To view an image of the Existing Montney Horizontal Wells, please visit the following link: http://media3.marketwire.com/docs/n326dee1.pdf.
The Acquisition is strategic as it puts the final large piece of the Bigstone Montney project in place for Delphi creating one of the largest land positions in the area. Delphi's project area now has an estimated drilling inventory totaling over $1.2 billion of capital for full development.
Delphi's previously reported 15-10-60-23W5 Montney horizontal well was drilled from a surface location of 16-3-60-23W5 located directly on the new Acquisition lands and is pipeline connected to the Company's 100 percent owned compression and dehydration facility. This 16-3 surface location will be used for pad drilling where additional horizontal wells will be drilled south on the Acquisition lands.
The Company estimates up to 2.5 net undeveloped locations, of the 54 net locations identified, could be immediately added to the reserve report due to proximity of existing well control and production. This would add approximately $18 million of total proved plus probable ("P+P") reserve value, discounted at 10 percent, based on the average before tax net present value of the Company's P+P undeveloped Montney locations in the 2012 year end GLJ Petroleum Consultants Ltd. reserve report.
Although the Acquisition lands are non-producing at this time, it is immediately accretive to the Company's net asset value after giving effect to the undeveloped land value, internally estimated reserve value and the purchase price.
The Acquisition was funded utilizing Delphi's existing borrowing capacity. The Acquisition and a re-allocation of second half 2013 capital expenditures will result in the Company's 2013 net capital program increasing by approximately $5.0 million from previous guidance of $50.0 - $55.0 million. Approximately $3.0 million in minor dispositions were completed during the first quarter of 2013, with additional non-core assets being evaluated for disposition in 2013.

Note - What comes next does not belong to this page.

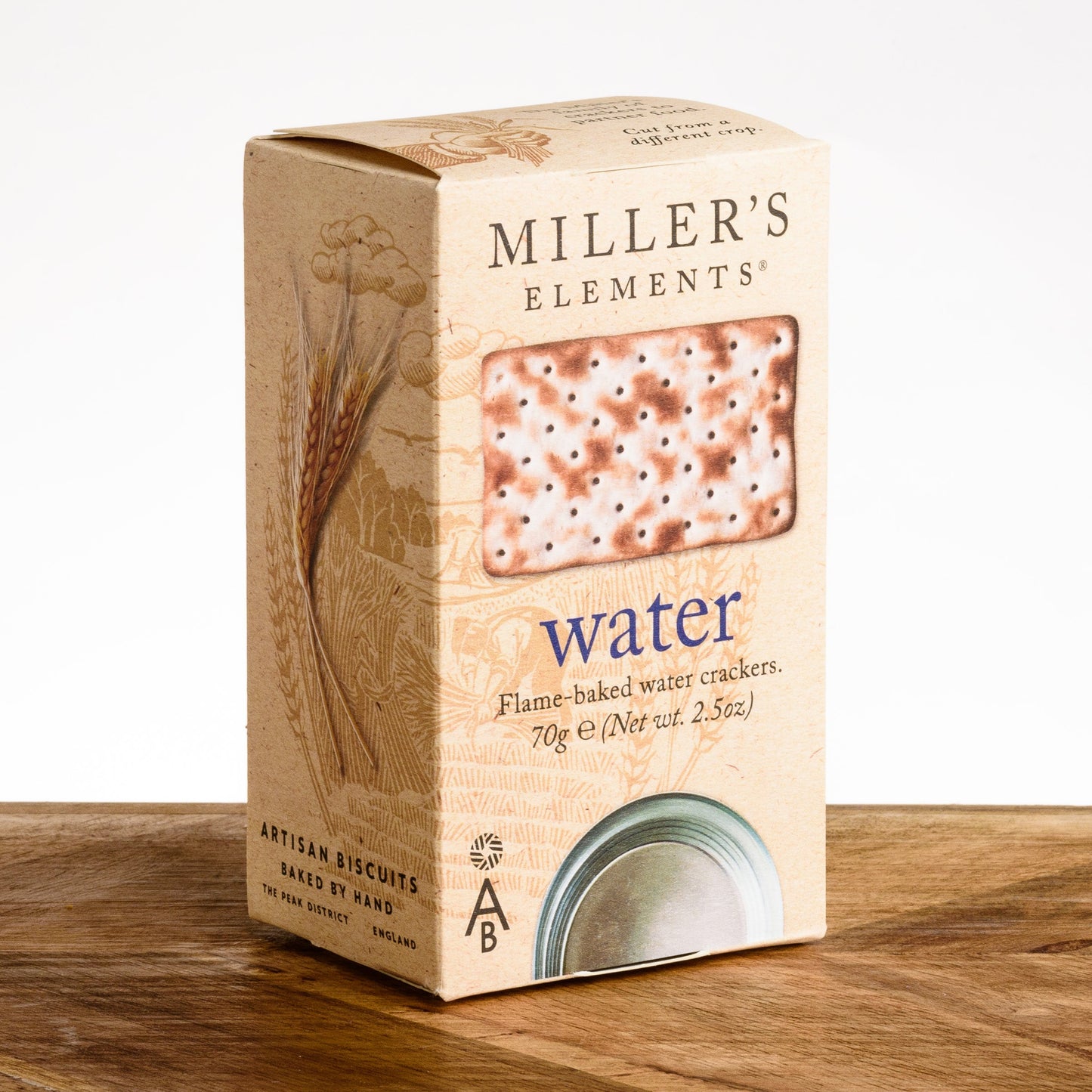 Miller's Elements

The production from Delphi's two most recent Montney wells, the first wells in the greater Bigstone area to utilize slick water frac techniques, continues at the previously announced levels, with NGL yields averaging 102 bbls/mmcf (74 percent condensate), supporting the robust economic returns with top quartile netbacks and time to payout. The Acquisition lands significantly increase the scale of Delphi's opportunity inventory at Bigstone. The Company is now extremely well positioned to pursue additional capital sources to unlock value from our Montney asset base.
Delphi Energy is a Calgary-based company that explores, develops and produces oil and natural gas in Western Canada. The Company is managed by a proven technical team. Delphi trades on the Toronto Stock Exchange under the symbol DEE.

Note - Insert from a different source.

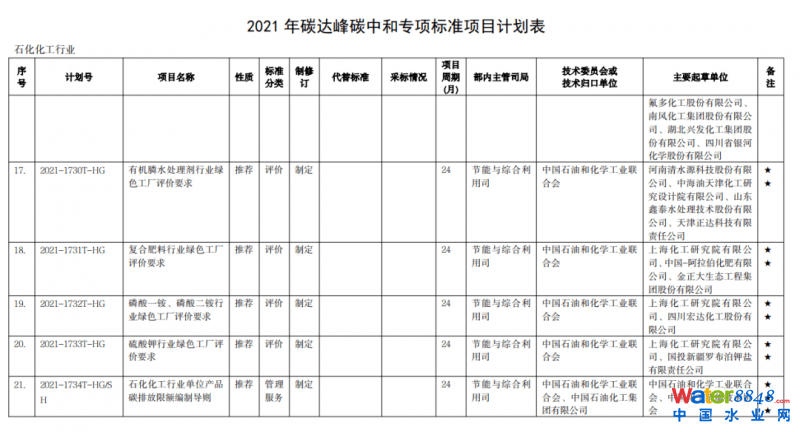 點(diǎn)擊打開原圖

Forward-Looking Statements. This management discussion and analysis contains forward-looking statements and forward-looking information within the meaning of applicable securities laws. The use of any of the words "expect", "anticipate", "continue", "estimate", may", "will", "should", believe", "intends", "forecast", "plans", "guidance" and similar expressions are intended to identify forward-looking statements or information.
More particularly and without limitation, this management discussion and analysis contains forward looking statements and information relating to the Company's risk management program, petroleum and natural gas production, future funds from operations, capital programs, commodity prices, costs and debt levels. The forward-looking statements and information are based on certain key expectations and assumptions made by Delphi, including expectations and assumptions relating to prevailing commodity prices and exchange rates, applicable royalty rates and tax laws, future well production rates, the performance of existing wells, the success of drilling new wells, the capital availability to undertake planned activities and the availability and cost of labour and services.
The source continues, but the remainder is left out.